In Oriente, durante i primi secoli del cristianesimo, alcuni lo celebravano il 20 maggio, altri il 20 aprile, altri ancora il 17 novembre. In Occidente, c’era chi lo festeggiava il 28 marzo. Fu solo intorno alla metà del IV secolo che si fissò la data del 25 dicembre, corrispondente secondo i Romani al solstizio d’inverno. Ciò significa che, tutto sommato, il Natale fra quelle cristiane non è certo la festività più antica. Ben altra urgenza teologica aveva naturalmente la Pasqua.

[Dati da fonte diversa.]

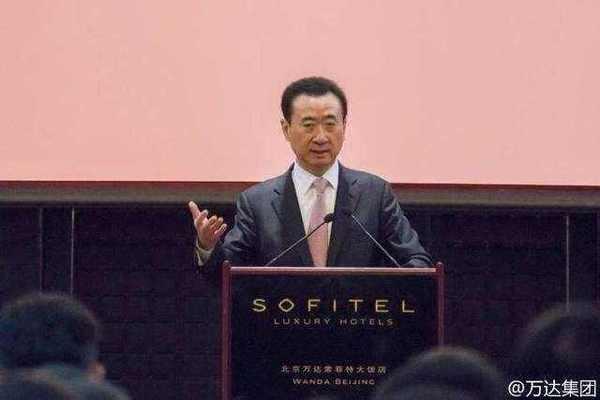 王思聪妈妈原来这么美!与刘嘉玲同框一点不逊色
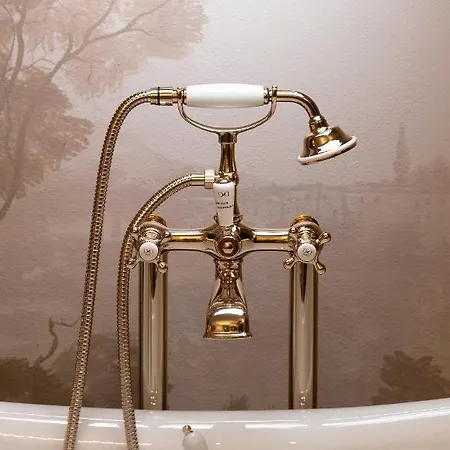 Hotel Valentini Bonaparte *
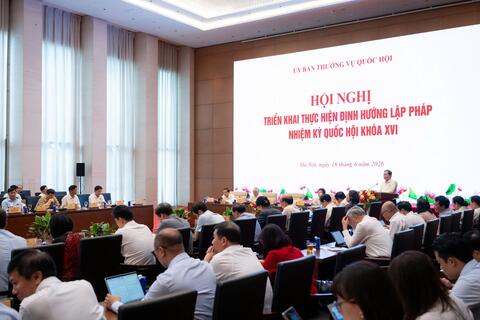 Chuyển mạnh từ bị động chạy theo thực tiễn sang chủ động dẫn dắt lập pháp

Del resto, tuttora per la Chiesa ortodossa il Natale si festeggia il 6 gennaio, il giorno dell’Epifania.
Ma perché questa premessa? Semplicemente per riscattare il Natale dalla percezione che mediamente ne abbiamo quale di ricorrenza ineluttabile, inscritta nelle cose stesse, implicita nell’alternarsi delle stagioni, quasi si trattasse di un fenomeno naturale, di una circostanza metereologica. Invece, come abbiamo visto, in origine nemmeno era chiaro in quale giorno esattamente cadesse, né si trattava della festa più sentita. Per diversi secoli le cose andarono in questo modo e chissà se qualcuno, esasperato dalla frenesia dei regali e dal traffico paralizzato, non vorrebbe che tornassero a essere così.
Mettiamo subito in chiaro che noi non lo auspichiamo, che per niente al mondo saremmo disposti a rinunciare al Natale per come oggi lo conosciamo e viviamo. Se c’è un auspicio da fare, è piuttosto quello di attingere al senso originario del 25 dicembre come del giorno a partire dal quale la vita del sole torna lentamente ad allungarsi e la luce inizia la propria inesorabile riscossa sulle tenebre. “Sorgerà per voi il Sole di giustizia” profetizzava Malachia (14, 2). Sia, dunque, questo il nostro più sentito augurio per tutti voi, per tutti noi.